More Hepatitis Treatment Information
Standard-of-care treatment is interferon administered subcutaneously once per week and ribavirin administered by mouth twice per day. The dosage of riba typically ranges from 800 mg to 1200 mg per day, depending on the case. IFN dosage varies depending on the specific type of IFN and diagnostic factors, but I received 180 mcg of Pegasys once per week and that's is a common prescription.

The subcutaneous injection, where a very thin needle is poked into fat layer just beneath the skin (usually over the abdominal area), is a routine method of drug administration for many people and not all that troublesome. Type I diabetics, for example, administer life-saving insulin this way on a daily basis.

When I started HCV Tx, I'd already administered sub-Q injections to patients in clinical environments, and so doing it to myself required no time on a learning curve. Although, I must say, my technique improved once I was my own willing victim.. Sometimes, to get in my injection as soon as possible at the end of my week, I'd take it with me to administer before I would get home. This gave me a head start on getting past the IFN sides that kick in heaviest for a couple few days after the injection

Fight off Hepatitis C

Good question from the Hepatitis C Newsgroup:

Q. Just curious if it's at all possible for your immune system to eradicate hep c? I haven't had tests done in a while (has to do with
insurance, etc.) Anyway I found out the last time I went in that I was fine on liver enzymes, they found no viral load, and I got a new piece of info which was that I had and no longer have Hep B. If I had the Hep B before the Hep c is there a chance i could've killed off the hep c and be fine, but still test positive for antibodies?

Yes, I'm really quiet ignorant on all this, please don't flame me.

A. Regardless of how you kill off live HCV virions, antibodies to the virus will likely persist.

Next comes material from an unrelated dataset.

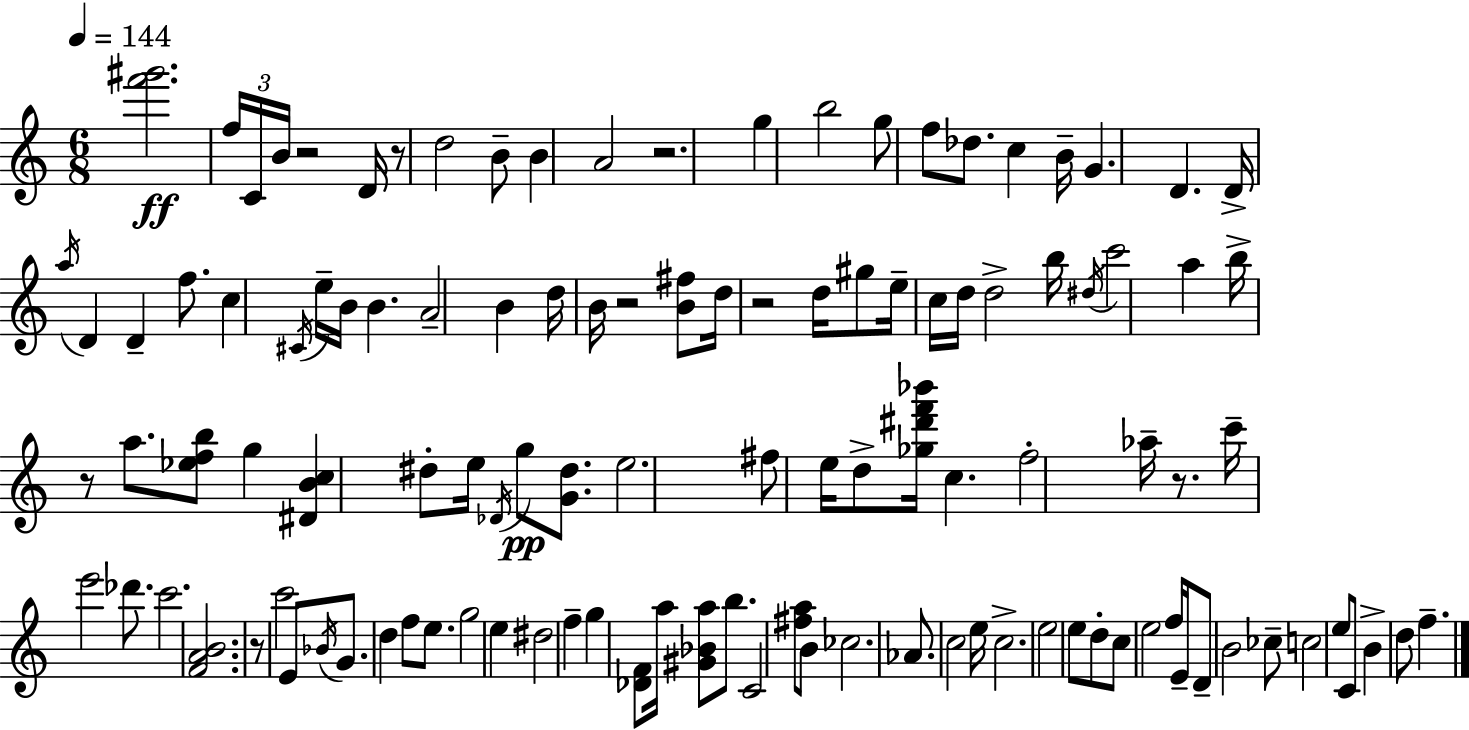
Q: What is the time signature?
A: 6/8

So you would be probably turn up positive for the standard first-order Hep-C test, which actually tests for antibodies, but negative for the viral load test, which actually tests for whole virions.

As to whether you may have cleared the HCV infection on your own: most folks that clear the virus do it before it has reached a chronic condition (ie: some time before 6 months to a year). It is apparently possible, but rare, to clear the virus once it has persisted in the body beyond that window.

The only way to accurately gauge where you are with HCV is to get a fresh viral load test.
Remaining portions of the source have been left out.